Parents guided on tools to help children overcome speech delays

February 16, 2016; Dubai, UAE: British Orchard Nursery, UAE’s largest chain of pre-schools, in collaboration with Child Early Intervention Medical Centre, educated parents on young children’s speech and hearing progress and helped them identify the problematic areas with focus on the role of teachers and parents in a child’s early development. Early intervention in the case of speech-sound disorders (SSD) in children could be a differentiating factor in their over-all emotional and physical growth. Experts in the UAE have noticed a rise in the speech and sound problems among young children with prevalence of disorders up to 8-9 percent. Approximately 5-8 percent of preschool children have language delays that continue throughout their school years and adulthood, while 15 – 20 percent of two-year-olds are delayed in their expressive language development.

The interactive session also discussed the tools parents can use to help their children overcome SSD, which included activities such as playing finger games, telling nursery rhymes, singing songs and reading, asking simple questions and story-telling among other measures.

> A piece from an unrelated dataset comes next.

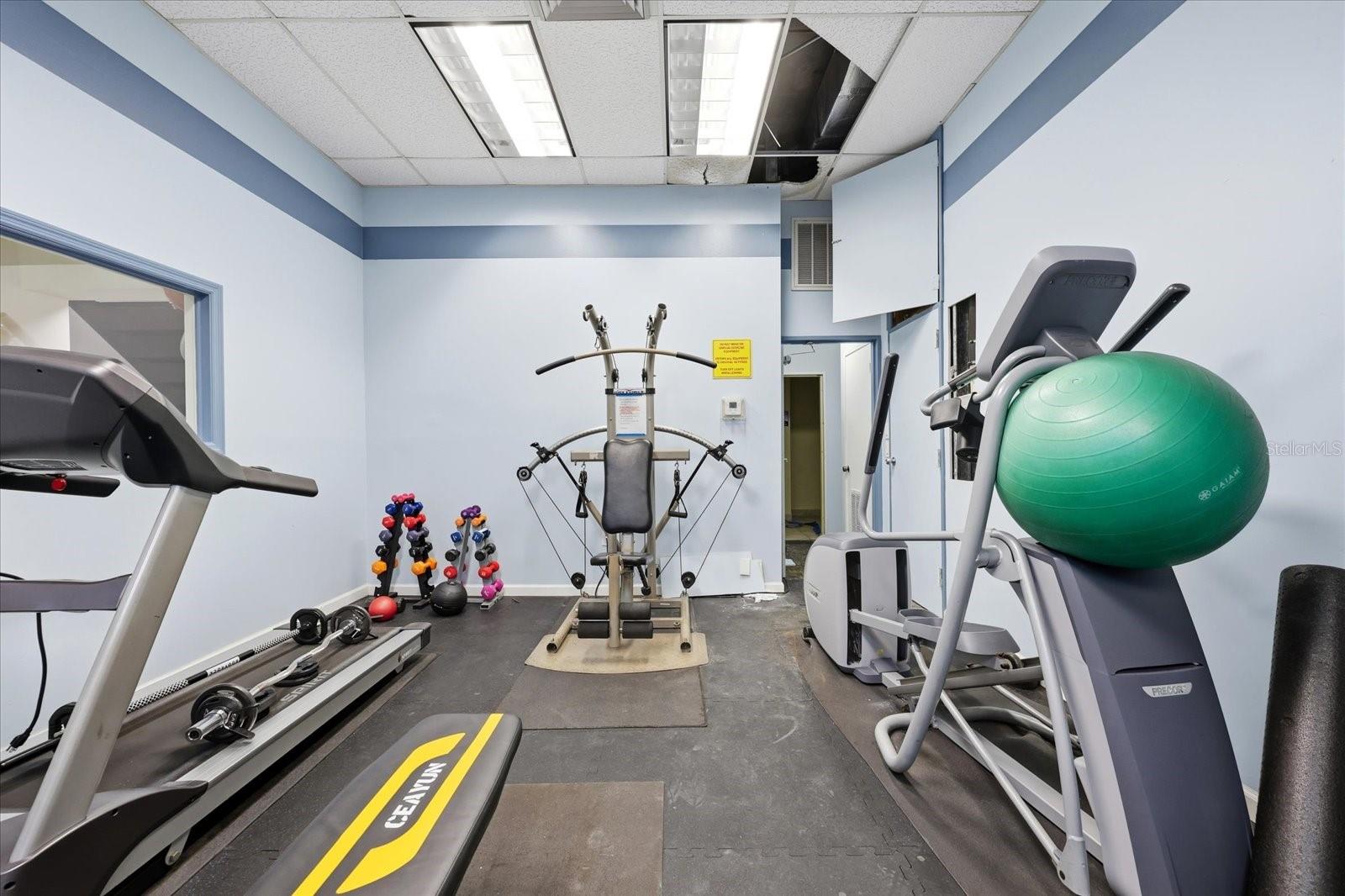 Image 28 of 31 For 400 Island Way 312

Vandana Gandhi, founder and CEO of British Orchard Nursery said, “Research confirms that the first five years in a child’s life form the building blocks for later life. It is important that we be vigilant in our observation of physical and mental progress at this age. This can only be achieved through a combined effort of teachers as well as parents. We, therefore, encourage such sessions at all branches to identify concerns and educate parents. We take pride in the fact that at British Orchard Nursery, we strive to create a positive environment where every child’s progress is monitored thoroughly”.

Discussing the various stages of speech and hearing progress in children from birth to age five, Rugaiyah Majed Hamidaddin, Speech-language Pathologist at CEIMC explained to parents and teachers the typical speech and language developmental milestones. She also focused on the ‘red flags’ – indications that a child may not be meeting those targets – stressing on early intervention to rectify the problem. Focusing on the most common speech and language disorders she identified common issues, such as stuttering or stammering, which should be taken seriously at a young age.

Research suggests that children with SSD can be at risk of reading difficulties at a later stage due to poor auditory, phonologic, and verbal memory skills. It can also significantly affect their social and emotional functioning including an increase in anxiety, attention problems, depression and low self-esteem. Studies also indicate that the longer it takes to diagnose a functional speech disorder, the less positive the outcome.

“Speech and sound disorders, if not detected at an early stage, can lead to various behavioural issues among children,” reiterated Rugaiyah Majed, adding, “Simply put, the earlier a child receives help, the better his language outcome will be. I’d also advise parents to first get a hearing test done if their child is not responding normally since hearing disorder could be the root of the problem.”